(Beginning of Data supplied)

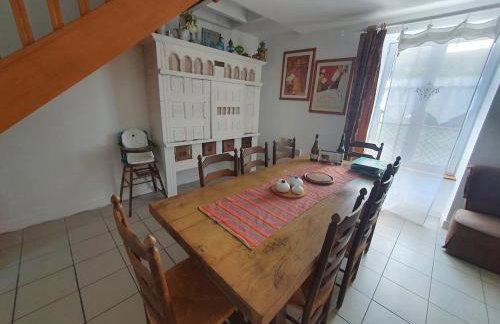 Maison historique - cour - centre-ville -plage 10 mn - Foto 4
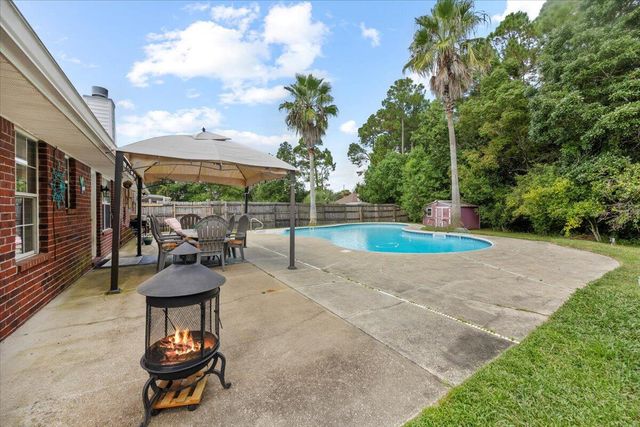 7006 Brighton Oaks Blvd Boulevard, Navarre, FL 32566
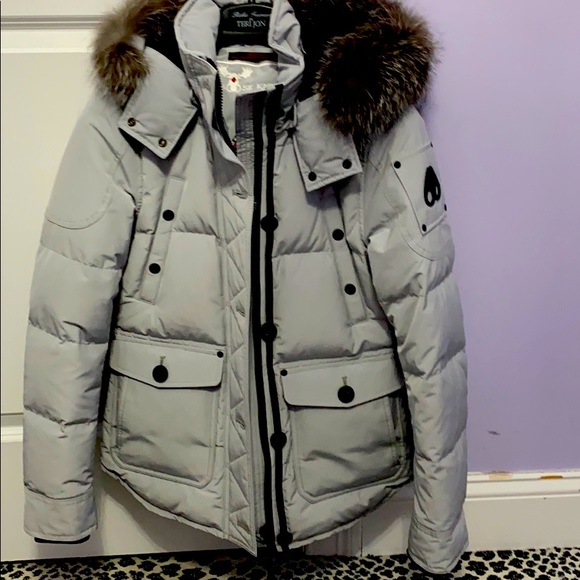 A grey burch Canada moose knuckle - Picture 1 of 3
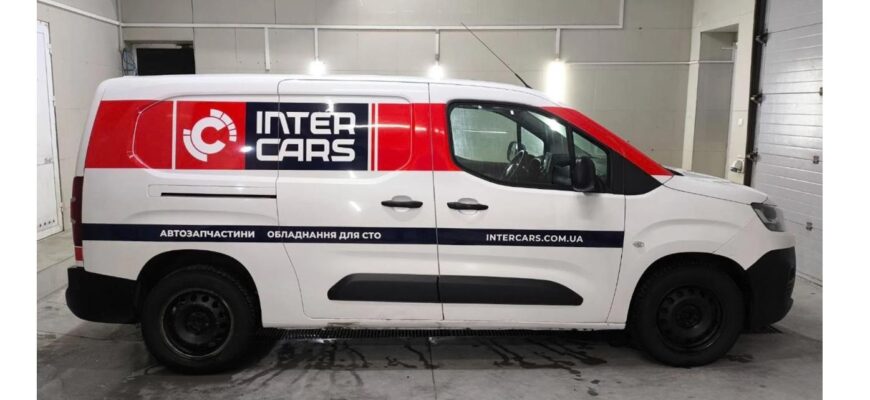 Брендування авто для впізнаваності бізнесу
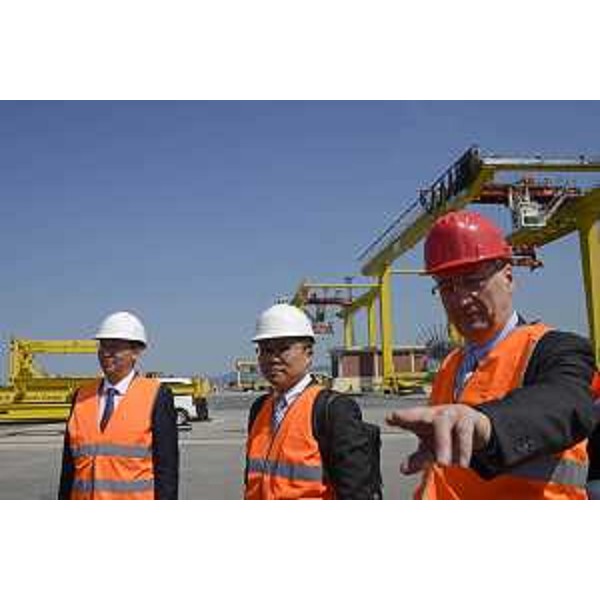 Sergio Bolzonello (Vicepresidente Regione FVG e assessore Attività produttive, Turismo e Cooperazione) accompagna la delegazione dell'Ambasciata cinese nella visita al Porto - Trieste 29/05/2017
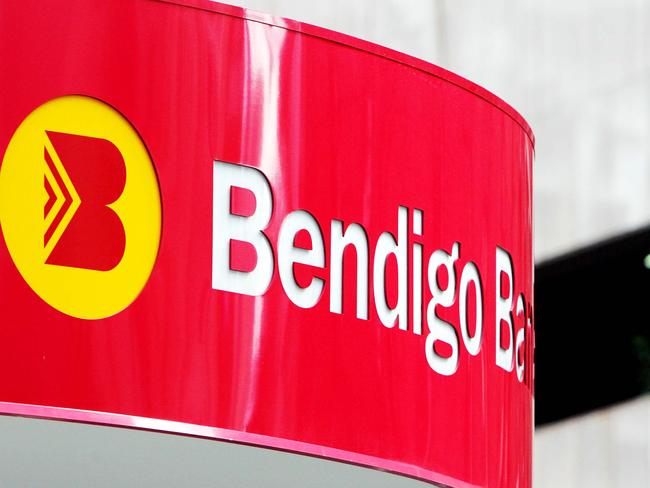 19 Mar 2007 : Bendigo Bank sign outside branch in Brisbane City : PicMark/Calleja - banks buildings qld exterior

(End of Data supplied)

Aim of the task =>
If a record holds a picture, leave the picture out, but repeat every line exactly.

Written response =>
 Maison historique - cour - centre-ville -plage 10 mn - Foto 4
 7006 Brighton Oaks Blvd Boulevard, Navarre, FL 32566
 A grey burch Canada moose knuckle - Picture 1 of 3
 Брендування авто для впізнаваності бізнесу
 Sergio Bolzonello (Vicepresidente Regione FVG e assessore Attività produttive, Turismo e Cooperazione) accompagna la delegazione dell'Ambasciata cinese nella visita al Porto - Trieste 29/05/2017
 19 Mar 2007 : Bendigo Bank sign outside branch in Brisbane City : PicMark/Calleja - banks buildings qld exterior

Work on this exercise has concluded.